February 23, 2005

HOWTO: Reincarnating Hard Drives

For whatever reason, I frequently can't bring myself to throw away dead computers or peripherals, even those that are clearly well beyond help. I don't have a problem throwing away other things--about twice a year, I discover that I've ditched some important piece of paper or a computer file in my periodic purges of the masses of information clogging my workspaces.

But I still have, in the basement at home, the first laser printer I bought, an Hewlett-Packard 6MP, which I bought in the early 1990s and which has been non-operational since about 1998, as well as several very-low-capacity hard drives that are either completely frozen or have serious and unresolvable disk errors (and are such low capacity--in the megabyte range--that they're not worth even trying to restore). Maybe it's nostalgia for the things I worked on with them--my first published articles, my dissertation, email to friends, or angry memoranda to department chairs about faculty who treated the young grad student I was as a young grad student instead of, say, God. Or maybe it's just a psychological problem, since I apparently have no problem pitching the same things in the form computer files or printouts.
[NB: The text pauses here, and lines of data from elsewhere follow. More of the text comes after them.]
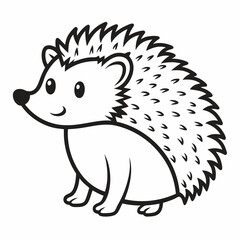 Simple a Hedgehog line art vector white background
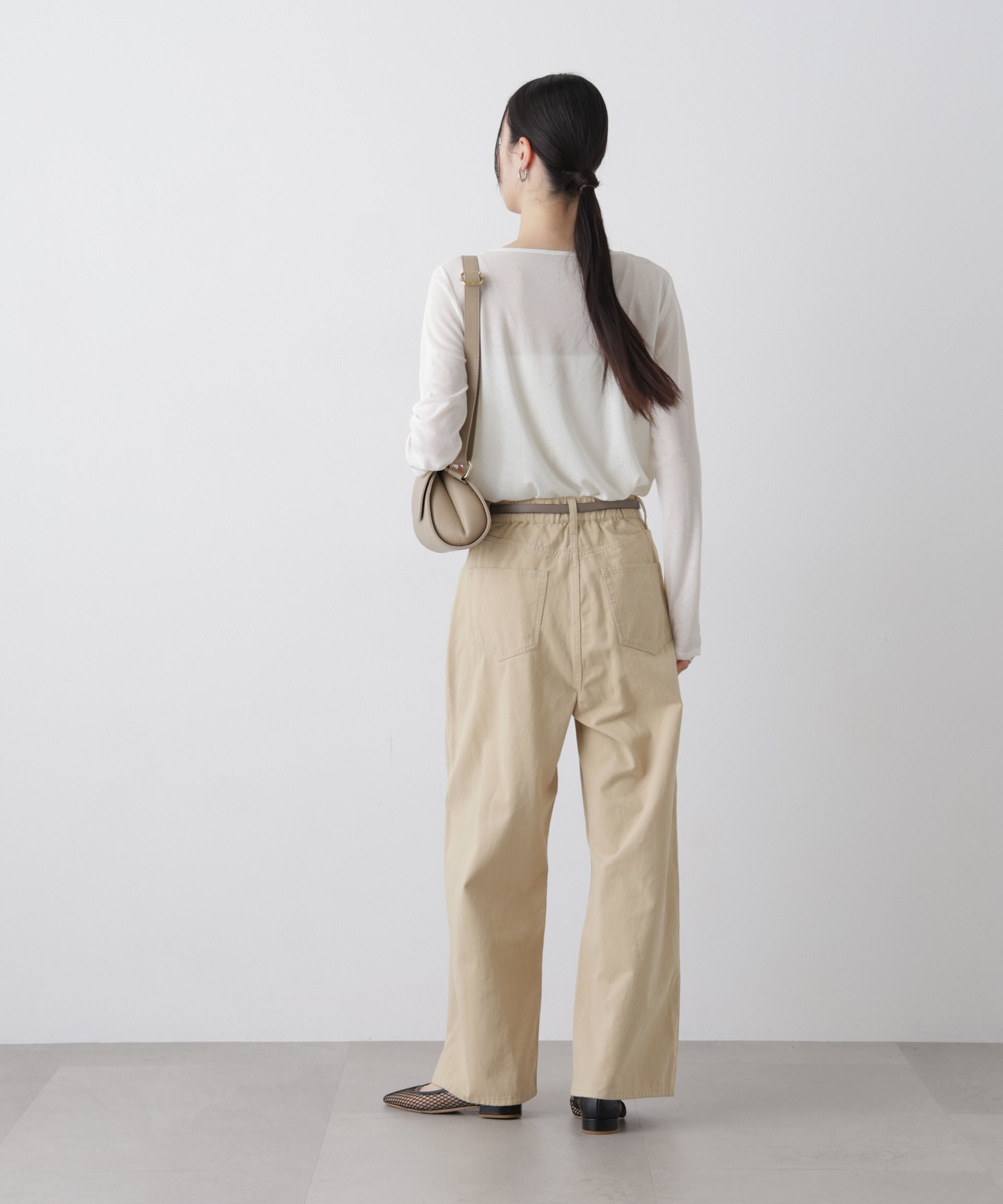 nano･universe「コットンツイルタックワイドパンツ」|チノ|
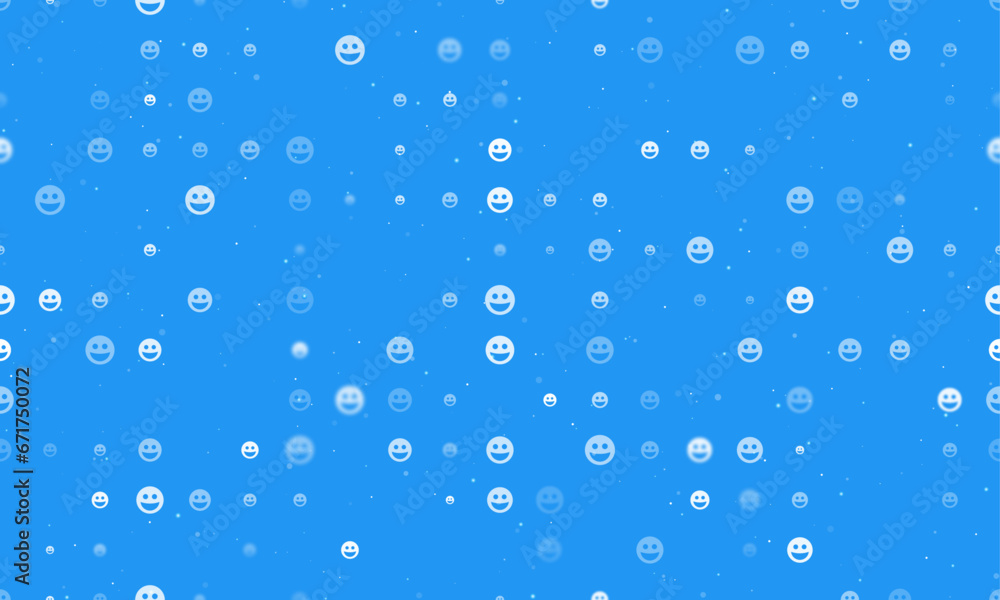 Seamless background pattern of evenly spaced white laughter Emoticons of different sizes and opacity. Vector illustration on blue background with stars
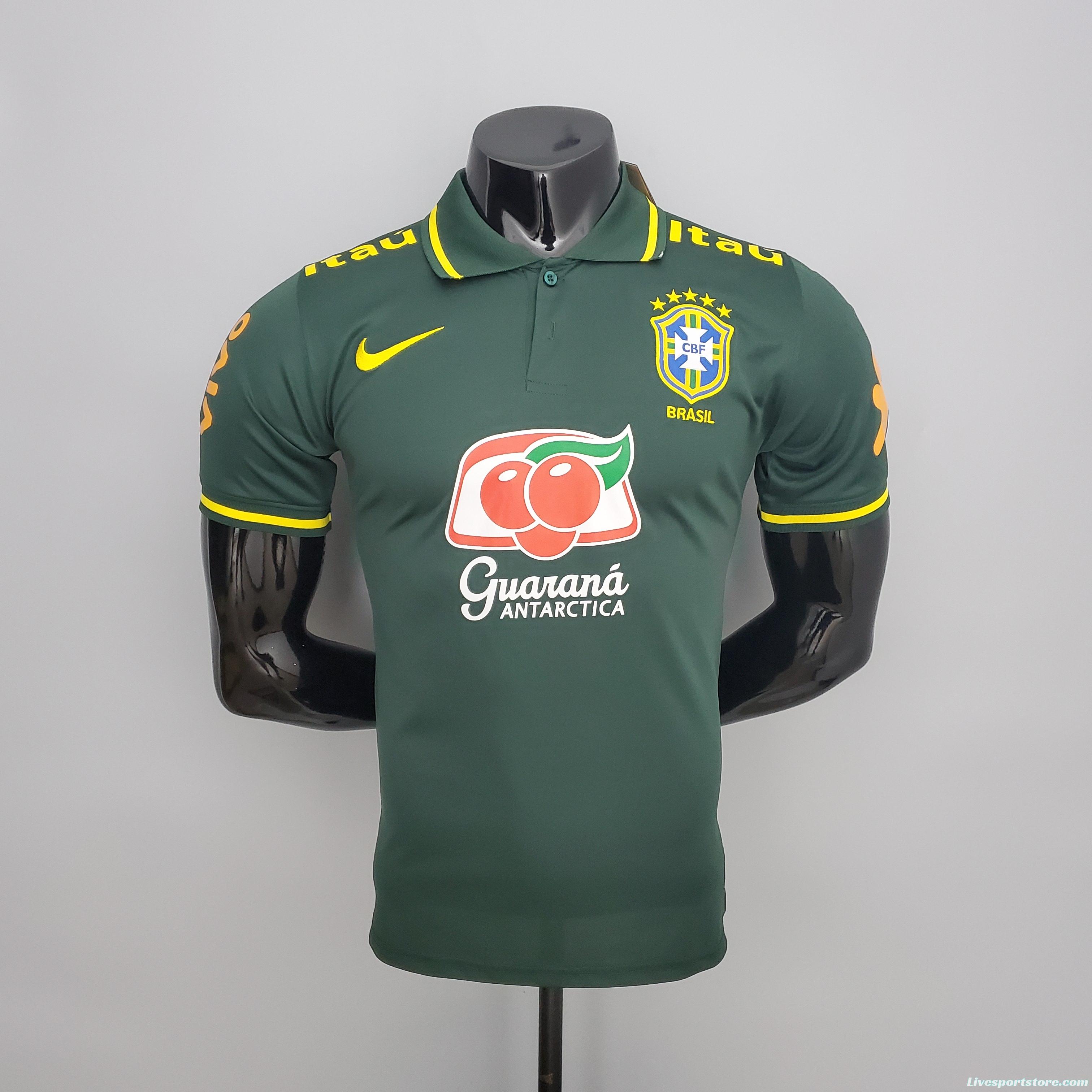 POLO Brazil Dark Green Soccer Jersey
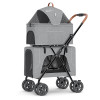 Foldable Double-Layer Pet Stroller, Removable Carrier, Trolley for Small and Medium Pet, Double Layer Cat Carrier Transporte Cat
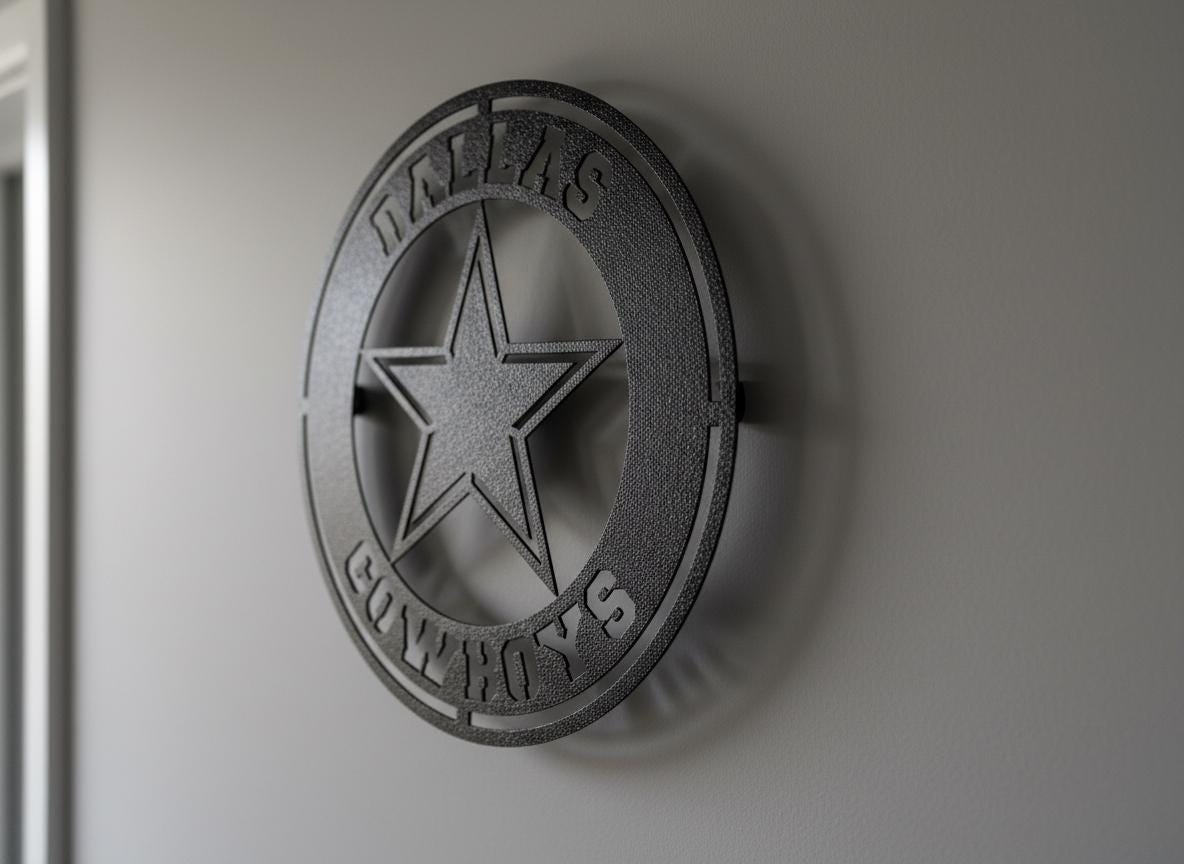 Dallas Cowboys Wall Art - Official NFL Team Logo Sign Game Room Decor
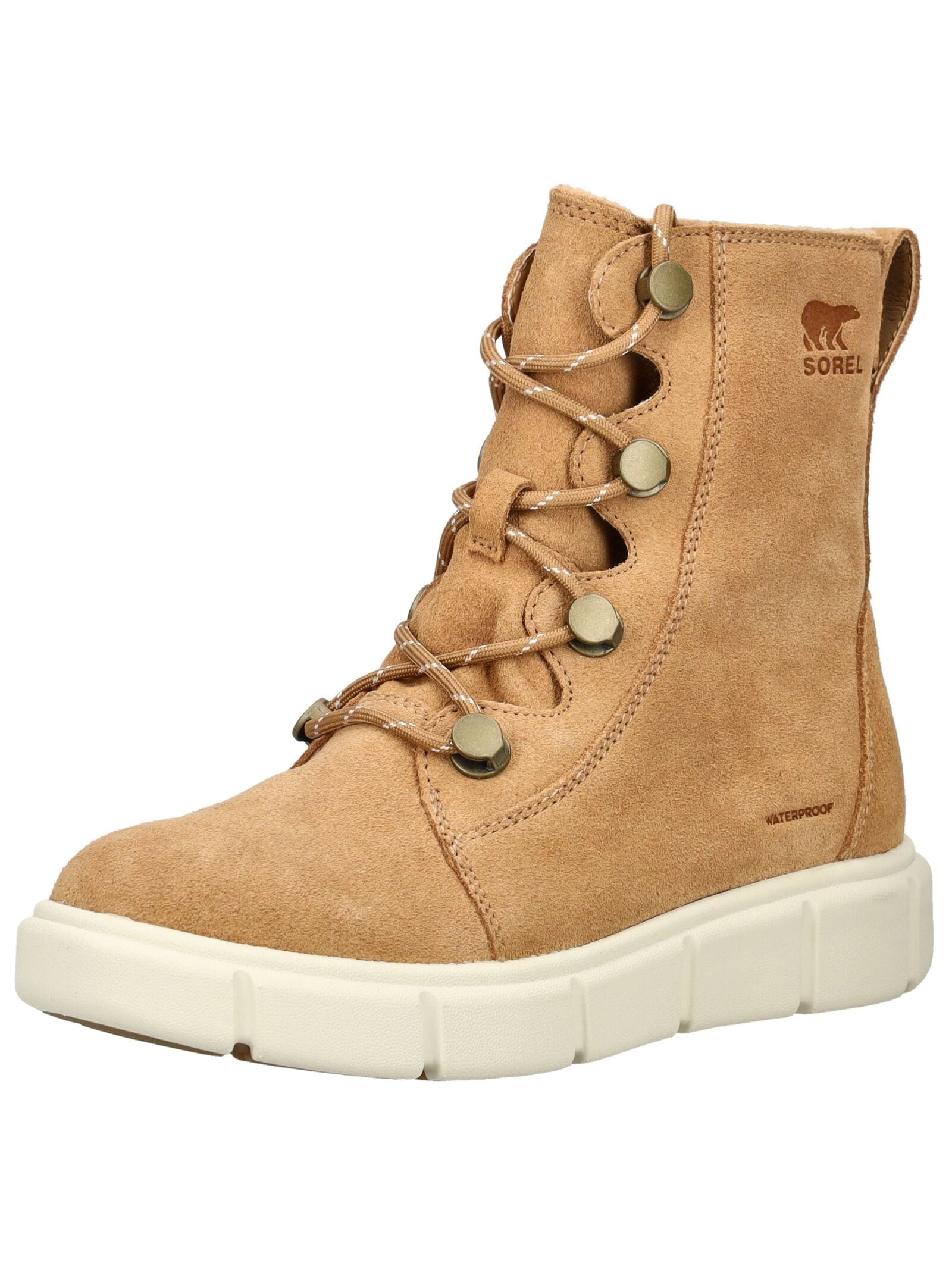 Schnürstiefelette SOREL "Sorel Stiefelette Veloursleder", Damen, Gr. 42, braun, Veloursleder, Schuhe Schnürstiefelette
No hope for the 6MP yet, but Boing-Boing links to some ray of light for the hard drives to live on, at least in reincarnated form: a HOWTO on turning a hard drive into wind-chimes.

[via Boing Boing]

Posted by johndan at February 23, 2005 08:00 AM | TrackBack
Comments

I have an old Western Digital 40 mb drive on my desk now serving as a book-holder-opener. Couldn't bear to throw it away.

Posted by: Bill H-D at February 23, 2005 12:14 PM

Cool. At some point during a move from house to house, I lost a La Cie 5 MB external SCSI drive. I think I paid nearly $400 for it in the late 1990s.